Section 188 applies only in case of the promulgation of an order. The word promulgate connotes two ideas 1) make known of an order 2) this means by which the order has made known must by something done openly and in public. Hence this section has not attracted in case of a disobedience of an order of Rent controller. This is because the Rent Controller is a public servant.
Disobedience order under section 144 of CrPC
However, mere disobedience of an order under section 144 of Cr.P.C. is not punishable under section 188 of IPC. The act done in disobedience of the order must be of such a nature that it cause or tend to cause annoyance or obstruction to the person lawfully employed. Where an order under section 144 of CrPC promulgated by the Commissioner of police banning procession was to prevent a riot, looting and arson the mere disobedience of the order under section 144 of CrPC by accused by joining the procession does not amount to an offence under section 188 of CrPC.
Mere disobedience of an order promulgated by a public servant does not ipso facto constitute an offence under this section. It must show that the disobedience of an order promulgated by a public servant causes or tend to cause a)obstruction, annoyance or injury risk of it, to any person lawfully employed. b) danger to human life, health or safety. c) riot.

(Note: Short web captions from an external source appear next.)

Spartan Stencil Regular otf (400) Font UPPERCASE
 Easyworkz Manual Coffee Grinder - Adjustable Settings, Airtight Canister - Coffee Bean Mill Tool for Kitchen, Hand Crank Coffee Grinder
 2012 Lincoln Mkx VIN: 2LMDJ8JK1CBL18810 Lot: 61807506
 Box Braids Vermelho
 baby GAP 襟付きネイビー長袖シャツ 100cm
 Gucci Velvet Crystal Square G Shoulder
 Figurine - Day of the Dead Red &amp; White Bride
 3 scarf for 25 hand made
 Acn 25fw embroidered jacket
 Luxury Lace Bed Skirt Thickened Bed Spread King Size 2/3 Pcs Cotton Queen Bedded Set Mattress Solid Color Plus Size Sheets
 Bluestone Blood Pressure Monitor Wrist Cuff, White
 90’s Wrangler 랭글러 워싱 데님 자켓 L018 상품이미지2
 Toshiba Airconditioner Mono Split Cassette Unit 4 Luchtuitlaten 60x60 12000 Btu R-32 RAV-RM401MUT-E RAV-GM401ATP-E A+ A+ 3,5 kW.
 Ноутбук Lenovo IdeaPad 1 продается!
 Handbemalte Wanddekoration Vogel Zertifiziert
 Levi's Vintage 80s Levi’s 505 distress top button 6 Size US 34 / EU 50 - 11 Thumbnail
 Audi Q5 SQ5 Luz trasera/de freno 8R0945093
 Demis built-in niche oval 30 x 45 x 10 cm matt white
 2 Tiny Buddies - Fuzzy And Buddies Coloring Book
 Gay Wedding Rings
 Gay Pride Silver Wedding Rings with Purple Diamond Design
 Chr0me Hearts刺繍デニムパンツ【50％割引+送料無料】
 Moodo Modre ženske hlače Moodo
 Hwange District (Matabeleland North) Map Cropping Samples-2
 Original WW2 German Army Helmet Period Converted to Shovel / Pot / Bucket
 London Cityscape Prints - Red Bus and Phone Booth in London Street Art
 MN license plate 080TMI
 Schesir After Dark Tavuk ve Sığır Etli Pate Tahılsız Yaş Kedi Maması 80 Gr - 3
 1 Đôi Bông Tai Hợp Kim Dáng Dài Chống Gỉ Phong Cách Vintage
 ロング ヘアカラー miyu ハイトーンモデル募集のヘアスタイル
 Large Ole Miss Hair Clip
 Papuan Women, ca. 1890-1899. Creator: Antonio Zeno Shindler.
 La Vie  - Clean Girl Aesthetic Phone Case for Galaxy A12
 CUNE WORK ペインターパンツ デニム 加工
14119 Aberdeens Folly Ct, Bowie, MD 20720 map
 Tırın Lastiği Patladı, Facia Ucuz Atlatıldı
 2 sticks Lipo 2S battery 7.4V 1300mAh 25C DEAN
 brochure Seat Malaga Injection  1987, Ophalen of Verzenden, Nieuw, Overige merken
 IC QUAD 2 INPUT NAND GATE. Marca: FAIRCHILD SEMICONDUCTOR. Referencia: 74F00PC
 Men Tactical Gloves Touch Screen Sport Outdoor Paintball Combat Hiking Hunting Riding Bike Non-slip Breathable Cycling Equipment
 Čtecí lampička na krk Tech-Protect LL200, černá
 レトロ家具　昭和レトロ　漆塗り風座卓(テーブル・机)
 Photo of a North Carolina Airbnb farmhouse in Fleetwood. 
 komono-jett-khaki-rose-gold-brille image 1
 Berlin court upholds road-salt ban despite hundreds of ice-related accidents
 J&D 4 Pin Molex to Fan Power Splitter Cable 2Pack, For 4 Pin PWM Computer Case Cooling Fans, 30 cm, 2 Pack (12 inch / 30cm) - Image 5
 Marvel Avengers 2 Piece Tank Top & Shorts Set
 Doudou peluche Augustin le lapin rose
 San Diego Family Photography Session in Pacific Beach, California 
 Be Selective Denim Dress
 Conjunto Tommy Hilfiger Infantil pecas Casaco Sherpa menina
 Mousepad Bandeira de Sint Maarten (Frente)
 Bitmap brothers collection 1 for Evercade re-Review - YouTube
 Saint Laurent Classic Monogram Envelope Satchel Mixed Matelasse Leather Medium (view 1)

Knowledge of Promulgate of order
It is not sufficient to prove that the order has been duly promulgated. But, there must be enough evidence that the accused knew the order disobedience of which has charged. That the knowledge of the offence is the important part of the offence u/s 188 of the Indan Penal Code.
Mere Disobedience is not offence unless it entails one of other of the consequences mentioned in the section. It must also cause or tend to obstruct any person lawfully employed.
Cognizance by the magistrate (Meaning of Section 188 of Indian penal Code)
The magistrate can not take cognizance of the offence under section 188 of the Indian Penal Code without the complaint of the public servant. Hence, there is no conviction for the offecne u/s 188 of India Penal Code, if there is no evidence to show that the disobedience tends to cause obstruction, annoyance or injury.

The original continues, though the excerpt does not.